Had Oscar in the park this morning when a guy and 2 kids walked past. no problem, Oscar took no real notice and that was that. I then heard some shouting about 20 seconds later turned round and there was the guy shouting "get your dog under control!!" I apologised staright away when I saw Oscar near his kid. Oscar then came back to me and I askjed the guy what had happened and he started shouting again. I apologised again when the guy told me Oscar had nicked his childs breakfast!!! 
He still carried on ranting despite me telling him that I was sorry twice and then started swearing and saying that "if it happens again". Well this got me riled and i asked him what he meant, and he said he would call the police. In the end I told him that as I had apologised twice and he had refused to accept it I felt justified in acting the same way as him and told him to control his kids by making them eat their breakfast at a table!! I may have thrown a choice word in there too!! I'm not proud of this but I was incensed that he wouldn't calm down and i thought he was about to threaten my dog!!
I don't think he was a dog owner :
And I didn't admonish the dog as it was too late and he would have thought I was telling him off for standing next to me!!


----------



## doglover (Aug 4, 2009)

Don't sweat it! Why in the heck would you have your kids eat breakfast at the park and what else would you expect from any dog? Some people are just slightly crazy and you have to just let it go in one ear and out the other. Don't let it wreck your day!


----------



## gunnr (Aug 14, 2009)

So,uhh.................. What did Oscar nick for breakfast?


----------



## DragonTheRevolutionary (Feb 15, 2009)

some people are just plain rude, i know i work at a grocery store, even if its 100% not your fault some people just want to be asses, don't worry, if i was the kid i would have been stoked to have a vizsla come and eat my food, **** Lili does it to me, i'm just sitting there and she just climbs up and eats my sandwich, and i crack up laughing


----------



## Ro-Ro (Aug 30, 2009)

If I was that parent I would have cracked up laughing. This guy sounds like he needs to chill.


----------



## madaboutvizslas (Nov 12, 2008)

There are a lot of people out there that get upset about dogs. I try to keep mine under control when out and about but at the end of the day eventually someone is going to get upset. I don't think there was anything more you could have done.

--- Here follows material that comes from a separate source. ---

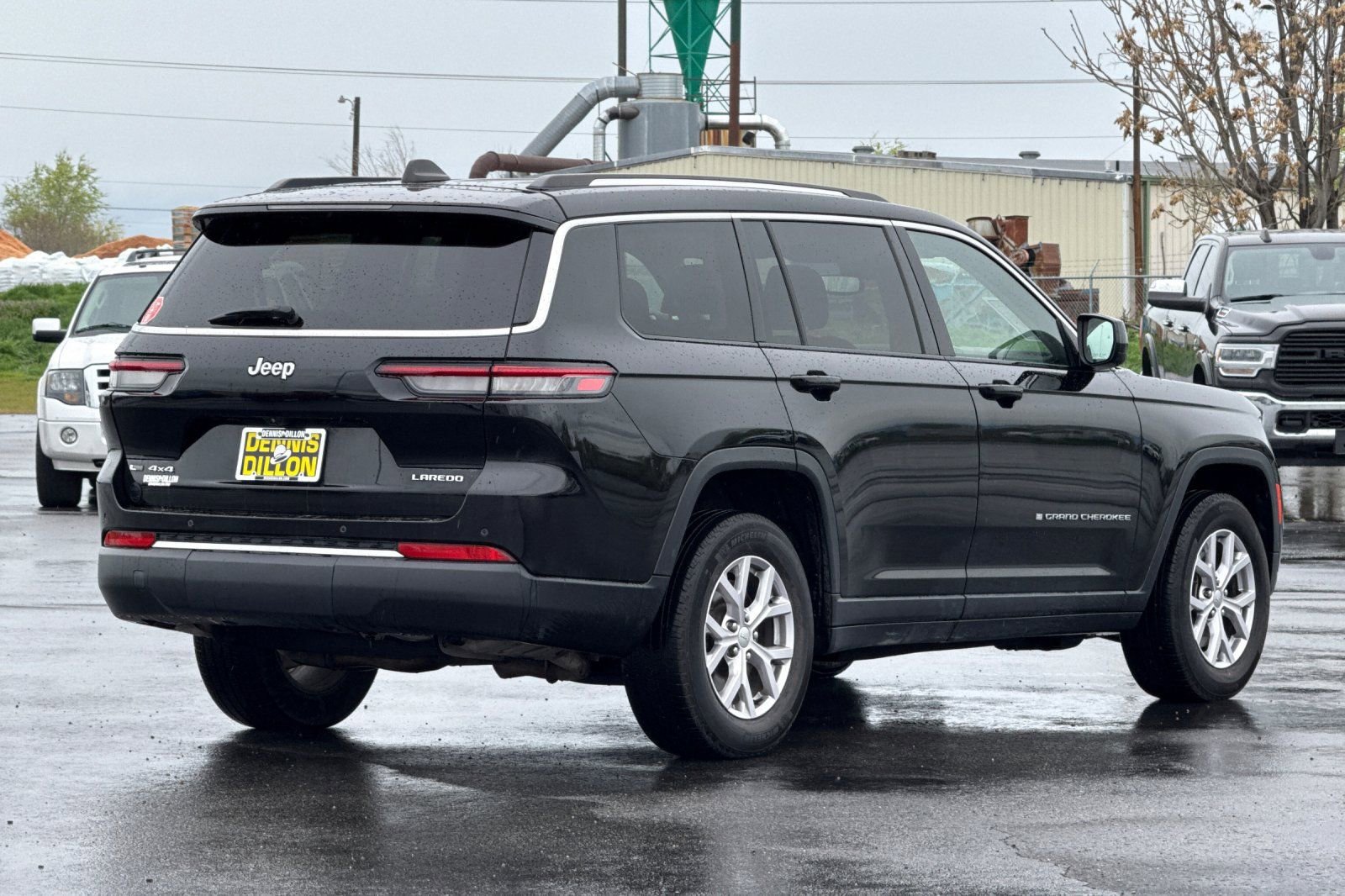 Used 2021 Jeep Grand Cherokee L Laredo w/ Luxury Tech Group I AWD/4WD image 4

They can be sneaky little devils sometimes. You have to watch them like they are toddlers.


----------



## jas (Mar 31, 2009)

I know, I'm learning. Though I'm going to try a bit more dteadiness training with him from now. Gunnr, the own never told me what the breakfast was but from the way Oscar was licking his chops it was very nice and tasty!!!


----------



## scooby (Mar 23, 2009)

What's to say the child didn't offer the 'breakfast' to the dog, I know my kids would have and i'm afraid I pobably wouldn't have been as restained as you were before mentioning ' breakfast and parks' don't go together.


----------